The only way these hard core Muster-goers could cool down in sweltering conditions was to jump under the back of the Campbells water truck. Pictured (from left) is Dave Matthews from Geelong, Neily Bambrick and Yanni Angelo Maltabes, both from Gladstone.
The only way these hard core Muster-goers could cool down in sweltering conditions was to jump under the back of the Campbells water truck. Pictured (from left) is Dave Matthews from Geelong, Neily Bambrick and Yanni Angelo Maltabes, both from Gladstone.

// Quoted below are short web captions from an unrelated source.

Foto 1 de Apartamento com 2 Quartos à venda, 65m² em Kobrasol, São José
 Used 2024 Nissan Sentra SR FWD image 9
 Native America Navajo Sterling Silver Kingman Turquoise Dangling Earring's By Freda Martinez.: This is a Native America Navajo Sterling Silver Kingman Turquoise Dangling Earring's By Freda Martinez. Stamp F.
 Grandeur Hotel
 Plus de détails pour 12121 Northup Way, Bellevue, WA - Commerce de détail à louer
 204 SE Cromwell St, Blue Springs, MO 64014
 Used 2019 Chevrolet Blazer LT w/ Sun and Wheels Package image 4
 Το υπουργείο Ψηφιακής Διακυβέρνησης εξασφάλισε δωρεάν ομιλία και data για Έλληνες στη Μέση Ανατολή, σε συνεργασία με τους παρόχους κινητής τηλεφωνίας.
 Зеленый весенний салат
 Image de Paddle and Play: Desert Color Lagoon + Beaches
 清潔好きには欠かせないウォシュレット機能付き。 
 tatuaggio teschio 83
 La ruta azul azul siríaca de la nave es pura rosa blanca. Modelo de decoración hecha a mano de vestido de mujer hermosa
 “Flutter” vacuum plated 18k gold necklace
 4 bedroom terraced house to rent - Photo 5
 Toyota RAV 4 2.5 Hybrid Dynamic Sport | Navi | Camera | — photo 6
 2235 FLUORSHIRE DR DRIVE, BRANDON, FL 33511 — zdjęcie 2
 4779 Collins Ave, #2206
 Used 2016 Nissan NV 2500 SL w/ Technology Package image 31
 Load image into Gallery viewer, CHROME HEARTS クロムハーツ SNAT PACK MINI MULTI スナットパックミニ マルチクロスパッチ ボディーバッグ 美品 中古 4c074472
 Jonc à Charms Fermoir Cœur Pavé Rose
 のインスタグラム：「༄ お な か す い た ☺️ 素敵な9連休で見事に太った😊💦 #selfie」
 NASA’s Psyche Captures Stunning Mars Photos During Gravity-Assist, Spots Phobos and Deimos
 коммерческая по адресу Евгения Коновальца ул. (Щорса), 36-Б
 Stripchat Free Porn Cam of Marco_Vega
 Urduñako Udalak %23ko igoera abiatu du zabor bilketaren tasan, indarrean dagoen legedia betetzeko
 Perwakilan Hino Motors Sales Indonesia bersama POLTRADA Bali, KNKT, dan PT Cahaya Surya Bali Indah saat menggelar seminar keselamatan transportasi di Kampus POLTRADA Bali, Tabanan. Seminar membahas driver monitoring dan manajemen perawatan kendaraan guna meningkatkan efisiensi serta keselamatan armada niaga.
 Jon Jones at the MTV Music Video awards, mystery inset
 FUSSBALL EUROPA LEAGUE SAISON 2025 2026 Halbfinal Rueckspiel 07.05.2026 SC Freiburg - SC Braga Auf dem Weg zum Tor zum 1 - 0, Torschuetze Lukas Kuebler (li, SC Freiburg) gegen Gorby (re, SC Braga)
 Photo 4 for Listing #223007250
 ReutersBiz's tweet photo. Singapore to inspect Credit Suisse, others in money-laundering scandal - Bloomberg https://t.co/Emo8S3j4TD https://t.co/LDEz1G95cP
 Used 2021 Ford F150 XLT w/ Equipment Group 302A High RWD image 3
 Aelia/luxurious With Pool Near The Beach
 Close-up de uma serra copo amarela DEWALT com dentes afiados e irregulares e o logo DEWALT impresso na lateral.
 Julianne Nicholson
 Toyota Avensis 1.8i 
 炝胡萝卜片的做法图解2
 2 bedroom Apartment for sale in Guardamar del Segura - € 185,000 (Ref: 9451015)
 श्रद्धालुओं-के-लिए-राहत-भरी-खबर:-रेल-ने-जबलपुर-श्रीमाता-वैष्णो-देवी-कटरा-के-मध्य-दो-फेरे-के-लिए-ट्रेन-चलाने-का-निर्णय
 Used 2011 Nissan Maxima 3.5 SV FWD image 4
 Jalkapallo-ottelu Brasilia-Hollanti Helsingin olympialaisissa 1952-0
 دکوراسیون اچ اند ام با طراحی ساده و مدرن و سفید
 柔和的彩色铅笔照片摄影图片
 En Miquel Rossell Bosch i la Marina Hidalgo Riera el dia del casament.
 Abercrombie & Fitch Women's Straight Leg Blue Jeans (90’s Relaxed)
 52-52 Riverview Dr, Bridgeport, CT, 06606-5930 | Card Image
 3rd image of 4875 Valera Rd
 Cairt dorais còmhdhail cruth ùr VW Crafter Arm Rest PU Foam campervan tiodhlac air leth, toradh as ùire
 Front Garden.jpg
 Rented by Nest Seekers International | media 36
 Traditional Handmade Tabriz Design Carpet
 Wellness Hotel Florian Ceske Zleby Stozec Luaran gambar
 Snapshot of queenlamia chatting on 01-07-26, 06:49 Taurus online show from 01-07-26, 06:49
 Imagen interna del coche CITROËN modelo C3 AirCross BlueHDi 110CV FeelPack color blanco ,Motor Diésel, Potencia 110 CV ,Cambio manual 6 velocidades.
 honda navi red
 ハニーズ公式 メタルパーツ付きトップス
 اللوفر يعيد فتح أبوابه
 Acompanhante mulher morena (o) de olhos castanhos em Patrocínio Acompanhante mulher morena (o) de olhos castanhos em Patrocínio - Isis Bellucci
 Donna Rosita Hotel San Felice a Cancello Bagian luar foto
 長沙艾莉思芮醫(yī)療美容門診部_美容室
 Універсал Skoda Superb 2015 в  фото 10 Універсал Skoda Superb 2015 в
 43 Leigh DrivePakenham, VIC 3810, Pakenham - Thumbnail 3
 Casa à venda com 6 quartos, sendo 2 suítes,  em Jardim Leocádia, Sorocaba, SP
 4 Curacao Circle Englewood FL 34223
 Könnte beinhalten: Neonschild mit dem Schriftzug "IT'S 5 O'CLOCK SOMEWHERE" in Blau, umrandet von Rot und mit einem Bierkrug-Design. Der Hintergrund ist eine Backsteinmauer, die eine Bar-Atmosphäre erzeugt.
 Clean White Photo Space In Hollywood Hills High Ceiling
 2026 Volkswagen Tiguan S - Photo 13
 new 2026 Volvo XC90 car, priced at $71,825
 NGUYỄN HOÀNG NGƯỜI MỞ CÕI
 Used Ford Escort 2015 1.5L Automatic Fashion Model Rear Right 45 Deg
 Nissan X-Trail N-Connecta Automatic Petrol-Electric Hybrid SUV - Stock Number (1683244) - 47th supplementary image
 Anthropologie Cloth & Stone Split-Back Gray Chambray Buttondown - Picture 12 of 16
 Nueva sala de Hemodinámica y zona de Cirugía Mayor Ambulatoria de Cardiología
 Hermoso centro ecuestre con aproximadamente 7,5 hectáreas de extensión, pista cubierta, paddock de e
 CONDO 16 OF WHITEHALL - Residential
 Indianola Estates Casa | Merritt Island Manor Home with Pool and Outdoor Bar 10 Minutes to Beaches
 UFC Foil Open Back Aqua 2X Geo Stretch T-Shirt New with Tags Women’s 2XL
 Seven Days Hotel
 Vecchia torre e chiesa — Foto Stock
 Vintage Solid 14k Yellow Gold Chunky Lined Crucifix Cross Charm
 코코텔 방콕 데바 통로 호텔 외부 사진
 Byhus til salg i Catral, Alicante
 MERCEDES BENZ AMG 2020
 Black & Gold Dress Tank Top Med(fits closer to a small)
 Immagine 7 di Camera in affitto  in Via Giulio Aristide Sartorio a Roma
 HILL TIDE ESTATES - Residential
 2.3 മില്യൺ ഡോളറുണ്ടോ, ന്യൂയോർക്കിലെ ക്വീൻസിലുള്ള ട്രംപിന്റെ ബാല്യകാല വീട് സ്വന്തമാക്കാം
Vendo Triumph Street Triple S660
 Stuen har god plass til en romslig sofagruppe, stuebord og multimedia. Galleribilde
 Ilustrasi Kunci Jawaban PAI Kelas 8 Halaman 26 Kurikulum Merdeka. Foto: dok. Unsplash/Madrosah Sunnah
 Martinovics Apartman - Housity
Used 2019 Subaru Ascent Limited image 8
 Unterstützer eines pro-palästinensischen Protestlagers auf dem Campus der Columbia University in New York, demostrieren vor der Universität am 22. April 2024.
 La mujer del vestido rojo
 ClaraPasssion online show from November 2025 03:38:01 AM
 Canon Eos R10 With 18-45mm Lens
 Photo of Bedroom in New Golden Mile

Craig Warhurst

FOR 11 months of the year the Amamoor Creek State Forest lies silent, the only sound the noise of crystal clear water trickling over rocks in Amamoor Creek and the lethargic ring of bellbirds calling in the forest.

Each year, as August nears, the forest is gradually taken over.

At first it is the early-bird campers and volunteers preparing the site.

Then, as the last weekend in August approaches, it reaches a crescendo with thousands gathering for a fun-filled weekend in the bush.

It's an action-packed time with entertainment everywhere, including the campsites.

My first memory of the Muster was one lazy Sunday afternoon in 1984.

I was mucking around in the backyard of my father's place on Glastonbury Rd as a long line of vehicles stretched, for what seemed like forever, into town.

At the time I had no idea the vehicles were coming home from one of the first Musters, at the Webb's Thorneside

property, and little did I know the impact the event would have on my adult working life.

Since then I have worked at 15 Musters and have some great memories and images of the event.

While enjoying capturing the stars and music legends like Slim Dusty, Jimmy Barnes and Kenny Rogers, the most memorable would have to be 2011.

Unfortunately, for organisers the heavens had opened up and swamped the site.

The night before Adam Brand wowed fans in teaming rain.

Next day, the Main Stage mosh pit had turned into a mud pit and the Muster diehards made the most of it.

The Hill became a massive slip and side, and mud wrestling a Muster sport.

I was trying to capture the mayhem and ventured too close.

Before I knew it, I was tackled into the slosh with about three over-friendly fans on top of me.

While sinking into the mud my only thought was to save my gear.

My right arm remained upright clutching my camera while I wrestled the attackers. Thankfully, another fan saved my gear, taking it from my outstretched hand.

I, however, wasn't so lucky and spent the rest of the day in mud-soaked clothes - not a good look when covering presentations in the VIP tent.

It's the fans that make the Muster what it is.

They're happy, friendly and looking for a good time.

Humour is the glue that gets people stuck on the Muster.

Anyone who takes a walk around the campsites soon works out it's all about fun and country camaraderie.

The campers welcome you into their sites with a beer, a bite to eat and conversation.

I have never witnessed a fight at the event, and never met any angry people there.

In fact it's the opposite. Like the muddy fans in the mosh pit, people can be too friendly and they all want is their photo taken.

Since my first Muster in 99, when I photographed the great Slim Dusty - who, by the way, was a gentleman and great to talk to - I've seen many changes.

The banning of eskies on the Hill and the protests surrounding it, the canning of the bonfire on the Hill and floods stopping fans getting to the event.

Even with the changes, the Muster is like no other event in Australia - it's special.

I hope I'm around to enjoy the next 15.